→ EXERCISE MATERIALS
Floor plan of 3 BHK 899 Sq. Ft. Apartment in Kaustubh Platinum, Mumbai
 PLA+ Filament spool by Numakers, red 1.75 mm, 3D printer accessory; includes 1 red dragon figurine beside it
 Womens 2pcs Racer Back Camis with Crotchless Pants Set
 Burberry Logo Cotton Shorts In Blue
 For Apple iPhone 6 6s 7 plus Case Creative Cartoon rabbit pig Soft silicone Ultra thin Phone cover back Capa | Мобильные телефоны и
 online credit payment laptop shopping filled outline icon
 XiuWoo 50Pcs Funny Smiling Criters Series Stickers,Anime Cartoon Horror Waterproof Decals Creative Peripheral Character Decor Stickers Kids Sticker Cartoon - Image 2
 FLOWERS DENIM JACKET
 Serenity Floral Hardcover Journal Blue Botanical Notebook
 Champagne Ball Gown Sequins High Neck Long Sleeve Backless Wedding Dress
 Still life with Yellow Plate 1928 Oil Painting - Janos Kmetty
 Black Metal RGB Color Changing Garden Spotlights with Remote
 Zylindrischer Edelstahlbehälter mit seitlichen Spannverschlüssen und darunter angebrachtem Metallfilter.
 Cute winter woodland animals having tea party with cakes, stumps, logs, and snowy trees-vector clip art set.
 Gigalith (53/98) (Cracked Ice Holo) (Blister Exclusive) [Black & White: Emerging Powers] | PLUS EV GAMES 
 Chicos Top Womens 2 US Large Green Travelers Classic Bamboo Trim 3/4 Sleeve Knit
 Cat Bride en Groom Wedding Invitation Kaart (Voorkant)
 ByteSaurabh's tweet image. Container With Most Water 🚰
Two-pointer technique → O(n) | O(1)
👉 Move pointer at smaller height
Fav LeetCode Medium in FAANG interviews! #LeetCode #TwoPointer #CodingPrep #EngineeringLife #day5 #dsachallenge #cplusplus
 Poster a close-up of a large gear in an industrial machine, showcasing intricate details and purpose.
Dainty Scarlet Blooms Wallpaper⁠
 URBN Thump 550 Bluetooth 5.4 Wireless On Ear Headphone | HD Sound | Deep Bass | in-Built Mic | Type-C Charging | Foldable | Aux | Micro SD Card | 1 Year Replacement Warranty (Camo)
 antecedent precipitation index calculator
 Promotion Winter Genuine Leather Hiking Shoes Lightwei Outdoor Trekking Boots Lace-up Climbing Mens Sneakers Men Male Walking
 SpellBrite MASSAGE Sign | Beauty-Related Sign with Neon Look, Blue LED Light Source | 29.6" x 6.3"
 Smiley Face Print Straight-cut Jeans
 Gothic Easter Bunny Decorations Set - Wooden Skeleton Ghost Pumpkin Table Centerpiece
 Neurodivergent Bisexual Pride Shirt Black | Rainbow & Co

→ THE TASK
Every piece of the data is to be set down again exactly.

→ SOLVED EXERCISE
Floor plan of 3 BHK 899 Sq. Ft. Apartment in Kaustubh Platinum, Mumbai
 PLA+ Filament spool by Numakers, red 1.75 mm, 3D printer accessory; includes 1 red dragon figurine beside it
 Womens 2pcs Racer Back Camis with Crotchless Pants Set
 Burberry Logo Cotton Shorts In Blue
 For Apple iPhone 6 6s 7 plus Case Creative Cartoon rabbit pig Soft silicone Ultra thin Phone cover back Capa | Мобильные телефоны и
 online credit payment laptop shopping filled outline icon
 XiuWoo 50Pcs Funny Smiling Criters Series Stickers,Anime Cartoon Horror Waterproof Decals Creative Peripheral Character Decor Stickers Kids Sticker Cartoon - Image 2
 FLOWERS DENIM JACKET
 Serenity Floral Hardcover Journal Blue Botanical Notebook
 Champagne Ball Gown Sequins High Neck Long Sleeve Backless Wedding Dress
 Still life with Yellow Plate 1928 Oil Painting - Janos Kmetty
 Black Metal RGB Color Changing Garden Spotlights with Remote
 Zylindrischer Edelstahlbehälter mit seitlichen Spannverschlüssen und darunter angebrachtem Metallfilter.
 Cute winter woodland animals having tea party with cakes, stumps, logs, and snowy trees-vector clip art set.
 Gigalith (53/98) (Cracked Ice Holo) (Blister Exclusive) [Black & White: Emerging Powers] | PLUS EV GAMES 
 Chicos Top Womens 2 US Large Green Travelers Classic Bamboo Trim 3/4 Sleeve Knit
 Cat Bride en Groom Wedding Invitation Kaart (Voorkant)
 ByteSaurabh's tweet image. Container With Most Water 🚰
Two-pointer technique → O(n) | O(1)
👉 Move pointer at smaller height
Fav LeetCode Medium in FAANG interviews! #LeetCode #TwoPointer #CodingPrep #EngineeringLife #day5 #dsachallenge #cplusplus
 Poster a close-up of a large gear in an industrial machine, showcasing intricate details and purpose.
Dainty Scarlet Blooms Wallpaper⁠
 URBN Thump 550 Bluetooth 5.4 Wireless On Ear Headphone | HD Sound | Deep Bass | in-Built Mic | Type-C Charging | Foldable | Aux | Micro SD Card | 1 Year Replacement Warranty (Camo)
 antecedent precipitation index calculator
 Promotion Winter Genuine Leather Hiking Shoes Lightwei Outdoor Trekking Boots Lace-up Climbing Mens Sneakers Men Male Walking
 SpellBrite MASSAGE Sign | Beauty-Related Sign with Neon Look, Blue LED Light Source | 29.6" x 6.3"
 Smiley Face Print Straight-cut Jeans
 Gothic Easter Bunny Decorations Set - Wooden Skeleton Ghost Pumpkin Table Centerpiece
 Neurodivergent Bisexual Pride Shirt Black | Rainbow & Co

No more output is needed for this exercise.